А Чамли пришел вместе с тем, со стальными шипами в крыльях носа. И они пришли не в обнимку, так что я догадалась, что этот мужчина, уж наверное, просто пилот, а не что-нибудь другое. Чамли тронул экран, так что ожила картинка, и говорит:
— Вощем, мне птичка на ушко шепнула, что хитшане со своей базы на Надежде-15 будут груз вывозить.
Гад говорит:
— Сырье какое-нибудь? Радиоактивное дерьмо небось?
А Чамли говорит:
— Точно, сырье. Но не то, чтоб очень радиоактивное. Берчатий.
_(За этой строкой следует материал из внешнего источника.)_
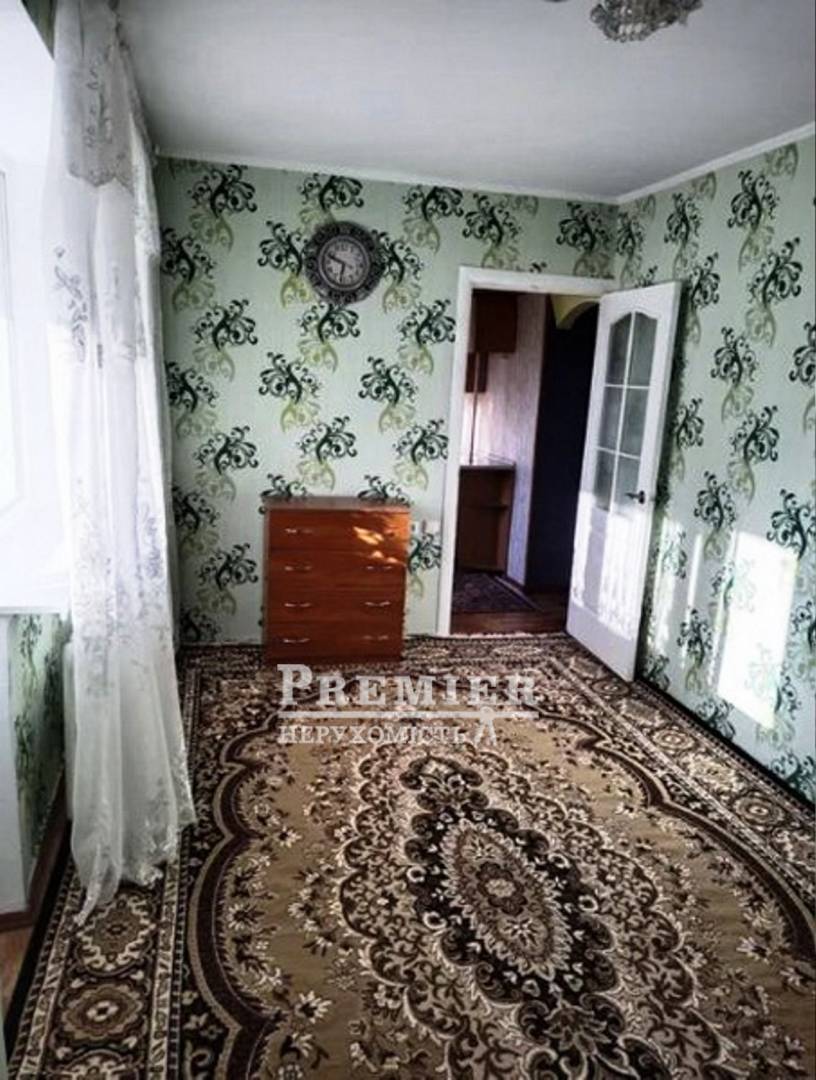 Продажа 2-комнатной квартиры 42 м², Академика Филатова ул.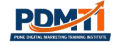 Pune Digital Marketing Training Institute - PDMTI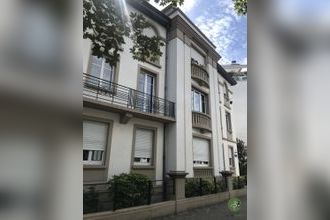 Ma-Cabane - Location Appartement Strasbourg, 56 m²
Все оживились. Штука дорогая и редкая, идет на всякие сверхпрочные и сверхтугоплавкие сплавы. Здесь, в мире, где оружие — вещь близкая к самой важной на свете, он должен бы вообще на «ура» продаваться.
Рыжий говорит:
— О, круто. И скажи, что его везут на старом грузовике, вроде Луисова.
А Чамли:
— На трех. Не таких увечных, но все же. Патруль Хитши их провожает до зоны «прыжка», а дальше никому и не нужно.
Наши тоже так делали. В гиперпространстве кораблю ничего извне не грозит — если только что-нибудь не заклинит и ты не вывалишься в физический космос. В пункте отправления проводят, в пункте назначения встретят. Дешево и сердито.